I guess it is time to do a Krugman bashing, Brad reintroduces him to us:
[T]here are many... problems with the notion of a recession as a supply shock. A short sample: If inflation is a case of too much money chasing too few goods, why aren’t slumps associated with accelerating rather than decelerating inflation, as the supply of goods falls? Why is there such a strong correlation between nominal and real GDP? Why is there overwhelming evidence that when central banks decide to slow the economy, the economy does indeed slow? And on and on.
In 2006 the Fed begin chasing inflation.  The Fed caught inflation at its peak only because the economy had already began its downturn.  The supply of critical goods was falling up to that point.   At the crash, someone didn't get their oil at the planned price,  probably the USA. Nominal GDP and real GDP are well correlated because bankers are reasonably accurate people.  Because of aggregation the Fed is usually late to the party.

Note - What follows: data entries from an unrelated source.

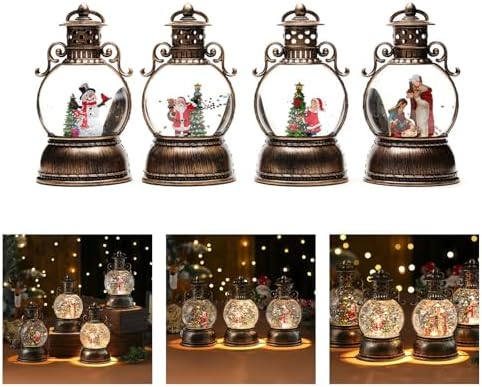 Christmas Snow Globe Lantern, Christmas Snow Globes with Rotating Base, Glitter Swirling Musical Box with Musical LED Lights, Battery Operated & USB Powered Christmas Lanterns for Table Party Decor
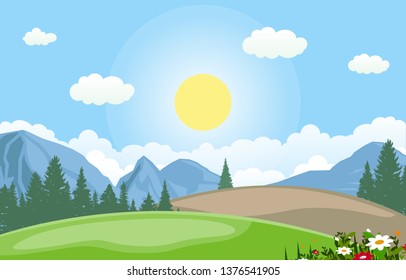 Summer Spring Green Valley Bright Sun Outdoor Landscape Illustration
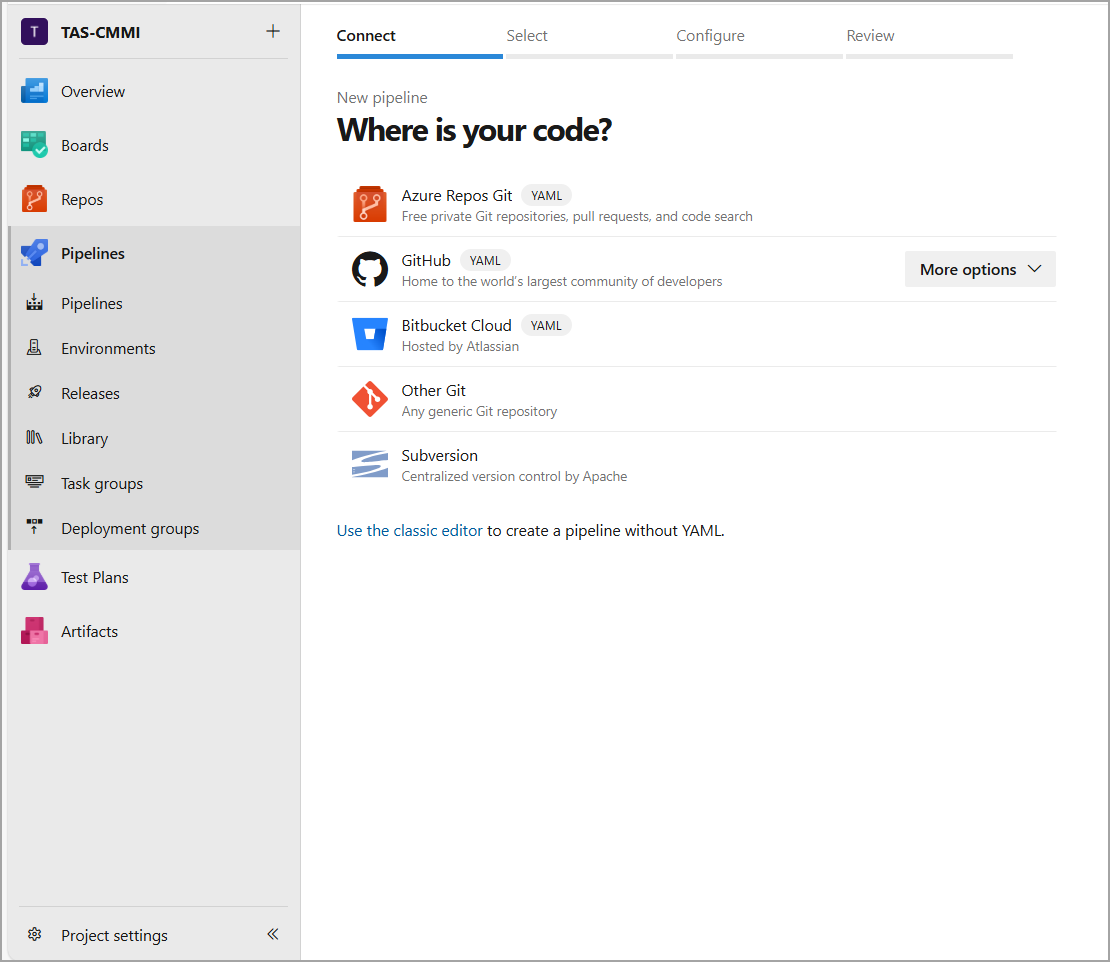 Select the Azure Repo.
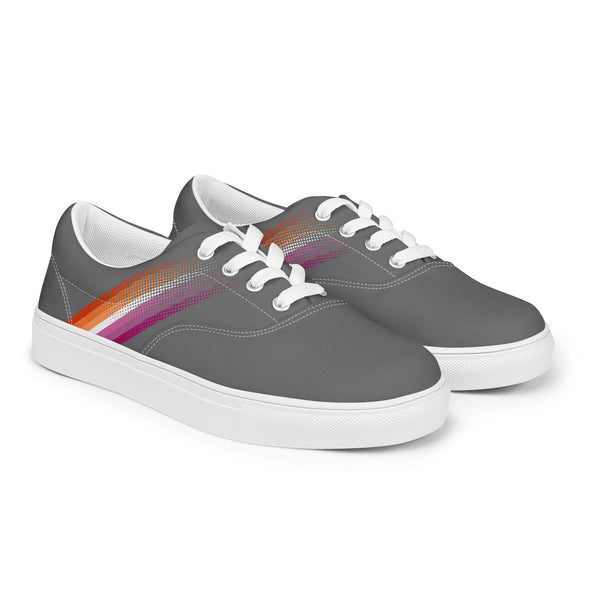 Lesbian Pride Colors Modern Gray Lace-up Shoes - Women Sizes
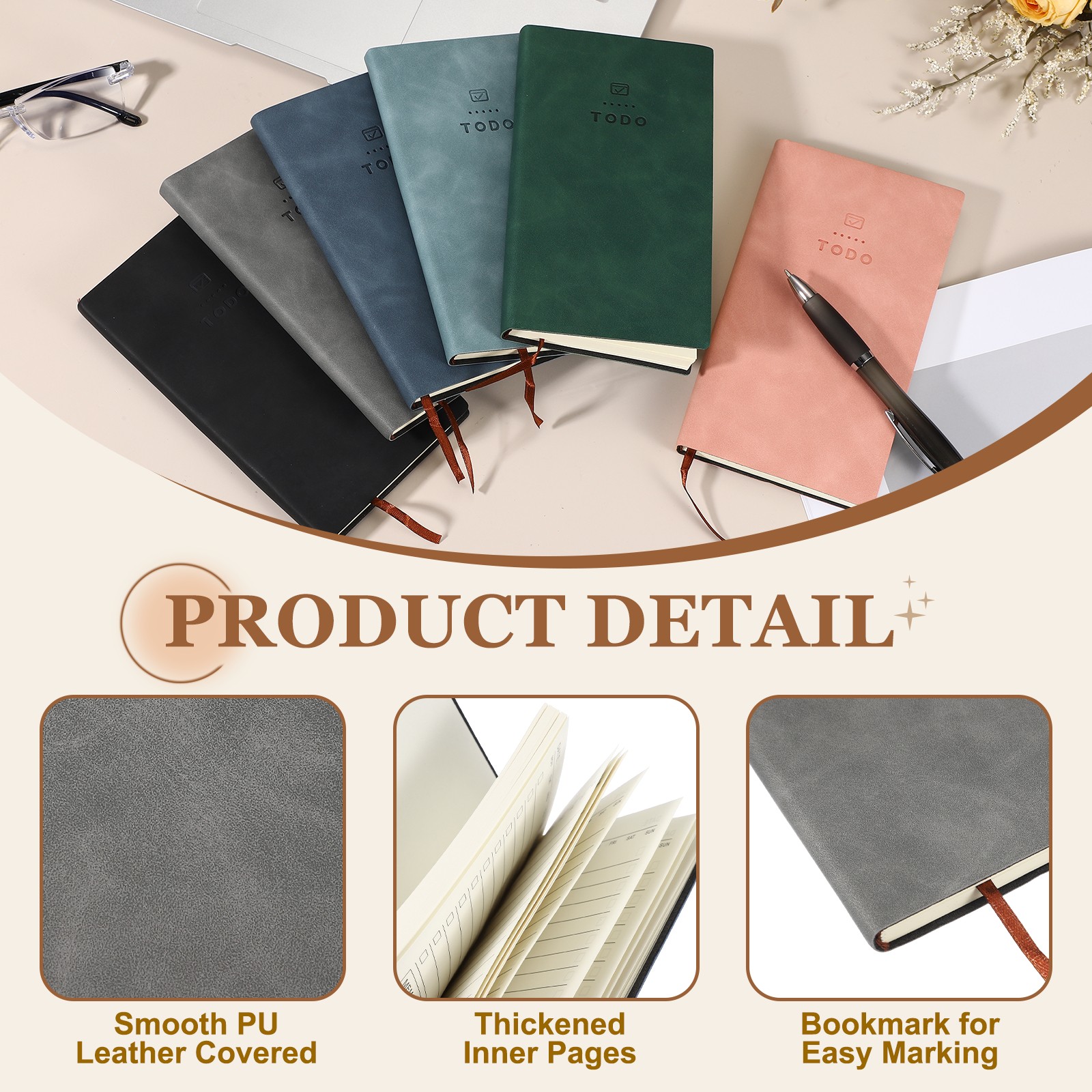 2Pcs to Do Notebook, A6 6.8 x 3.7″ Daily Planner Notebook, Pink/Grey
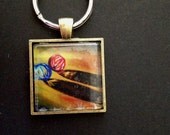 Key Chain Charm marbles reflecting black square glass antique brass reflection mini print keys car house home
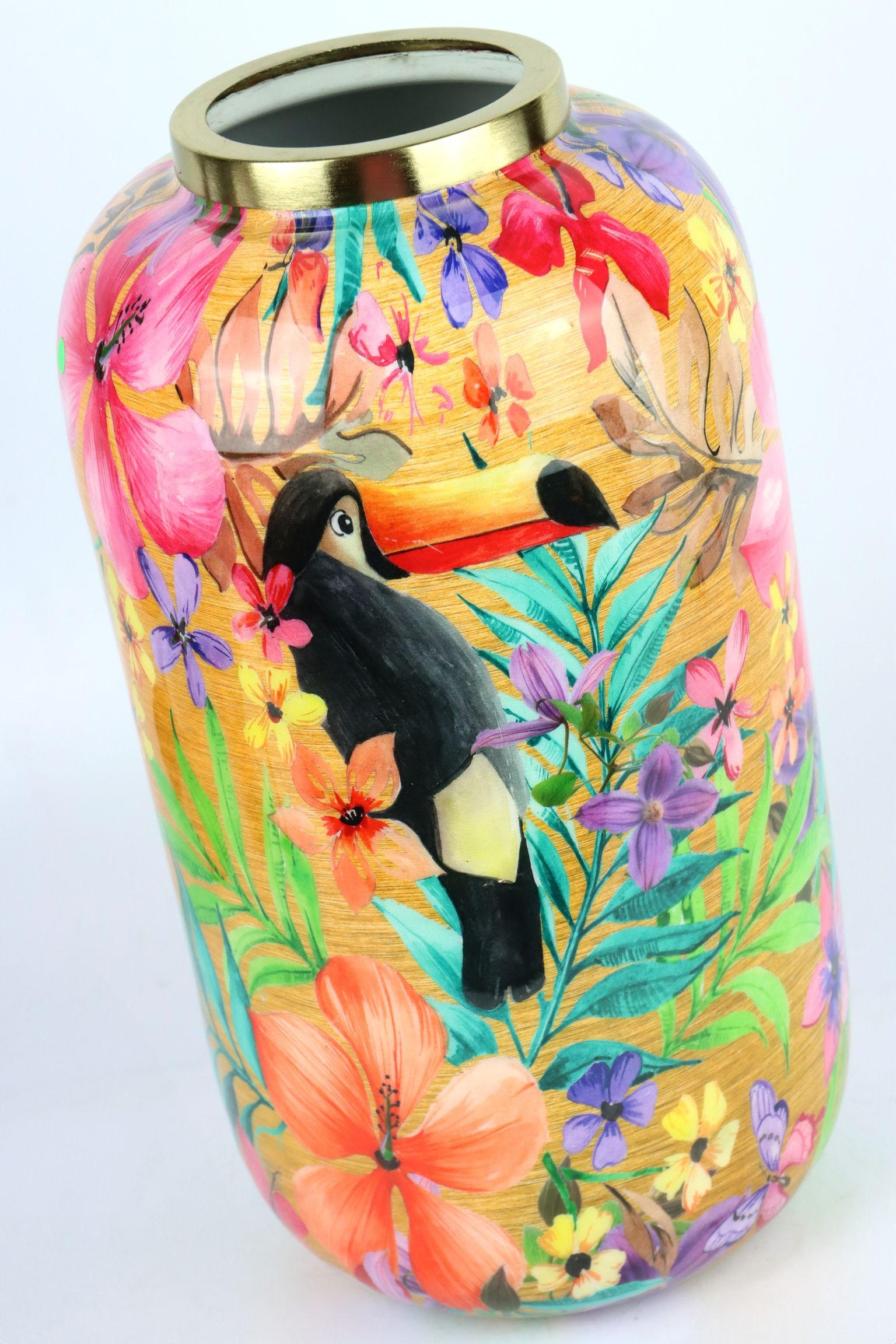 VASE Paradise Bird Tropenmotiv - Multicolor, Metall (30.5cm) - FURNARO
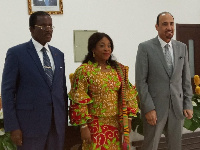 Shirley Ayorkor Botchwey (middle) with Mr Bernard Ehui-Koutouo to her right and Mr Mohammed Hussain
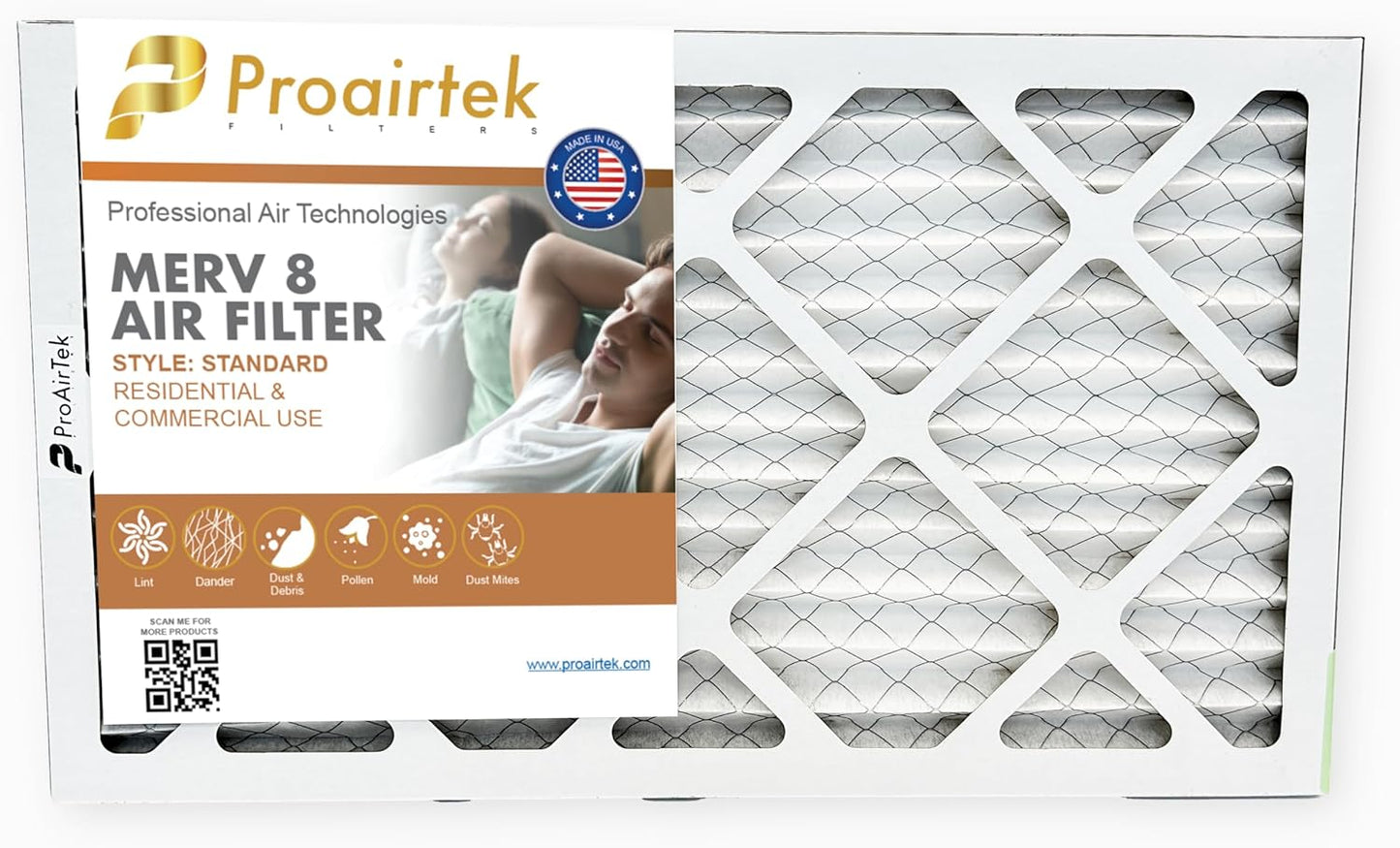 Proairtek AF12201M08SWH Model 12x20x1 Pack of 2 Air Filters, MERV 8 for Clean Air in Home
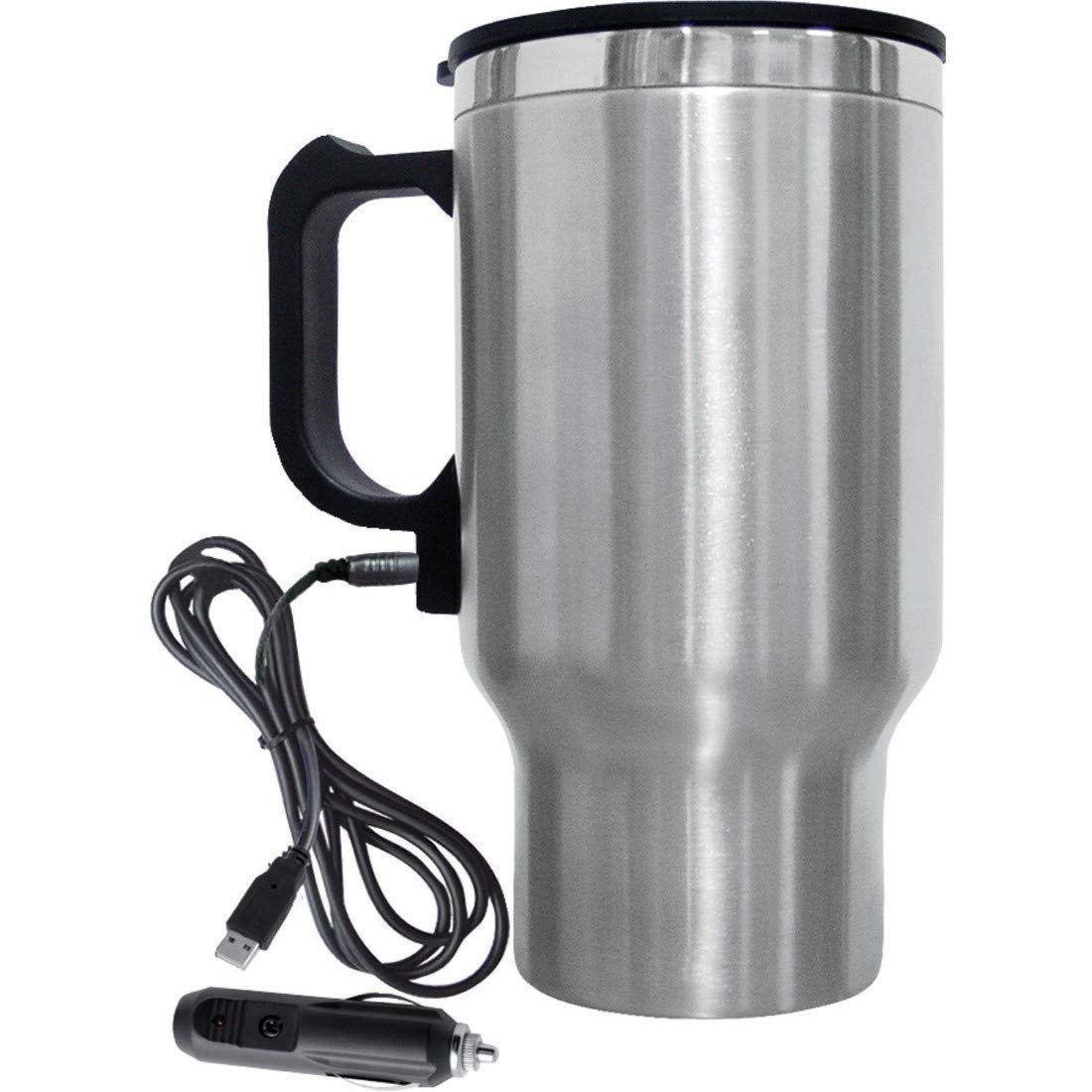 SmartGadgets Car Coffee Mug – 450ml Stainless Steel Travel Mug with 12V Car Charger, Portable Heated Thermos & Water Boiler for Coffee, Tea, and Hot Water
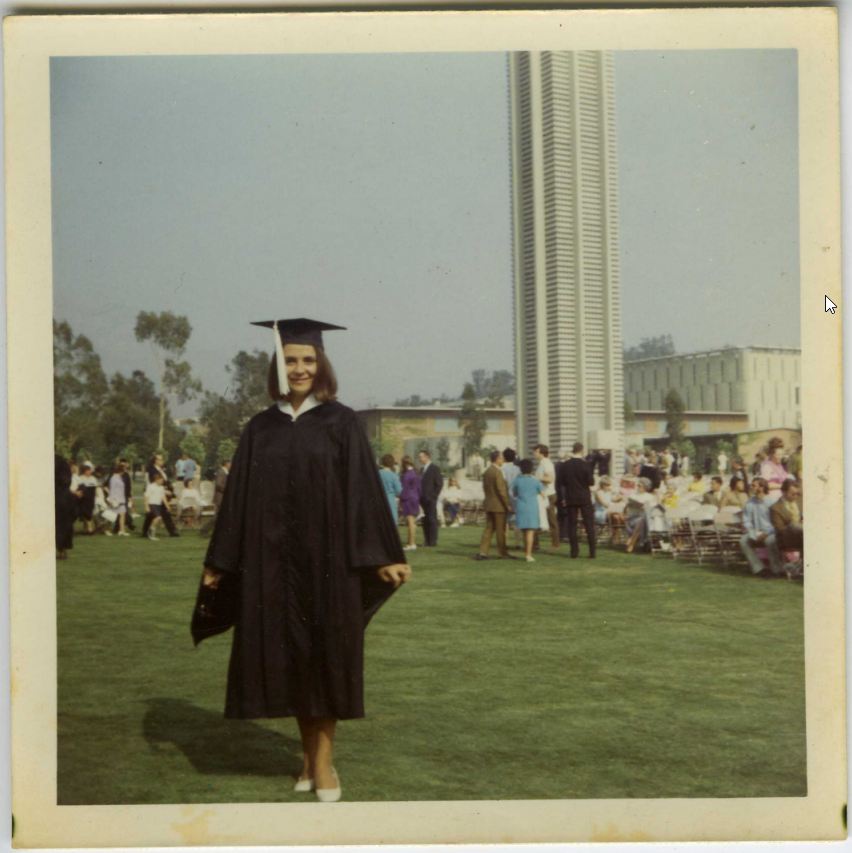 Silvia Henao at her graduation from the Belltower University of California, 1970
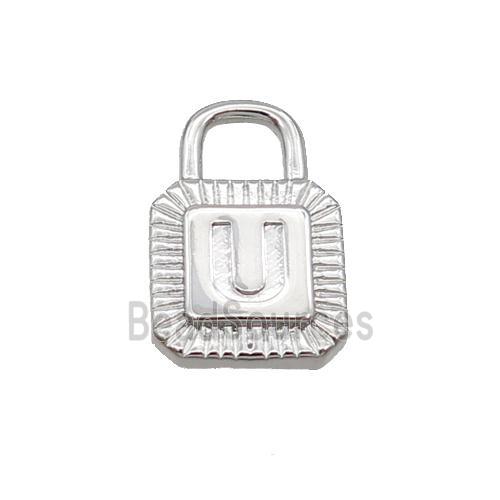 Copper Lock Pendant U-Letter Platinum Plated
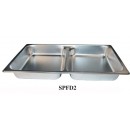 Winco SPFD2 Full Size Divided Steam Table Pan, 2-1/2'' Deep width=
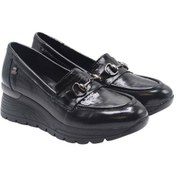 Resim Kadın Airflow Hakiki Deri Dolgu Topuk Tokalı Ayakkabı Siyah Rugan 2313054y Siyah 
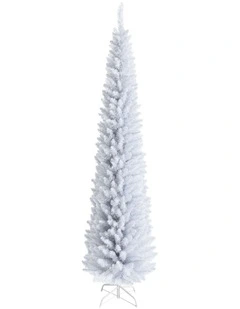 2.1m White Pencil Artificial Christmas Tree  Slim Xmas Home Decoration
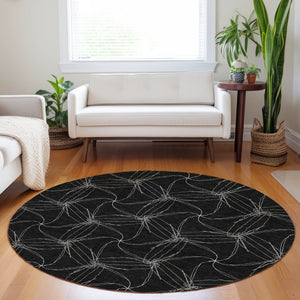 HomeRoots 5' Black and Ivory Geometric Area Rug - Stylish, Washable, Durable for Indoor and Outdoor Use 8' Round 614061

The economy slows when the Fed slows because the Fed is part of the economy and coherent to the economy.  The Fed is surrounded and trades with traders who spend a great deal of their time measuring the economy, as does the Fed.
And:
I know that Austrians take refuge in cosmic talk about the complexity of production and how measured investment may not show what’s really happening, etc
The Austrians say this because their research team is about six months behind me, and I am about six months behind the mathematicians.
The point is that the real world looks a lot like the one Keynes and Friedman envisioned, in which the demand side drives the business cycle.
No, we ran out of oil and crashed.  In 1929 we ran out of street space and crashed.  We crash because of the obvious, some input is very short of the plan.  The economy has only a sparse solution set so adjustments beyond the reserve level require a requantization and rank adjustment.

As for Keynes and Friedman, I tire of debating dead people.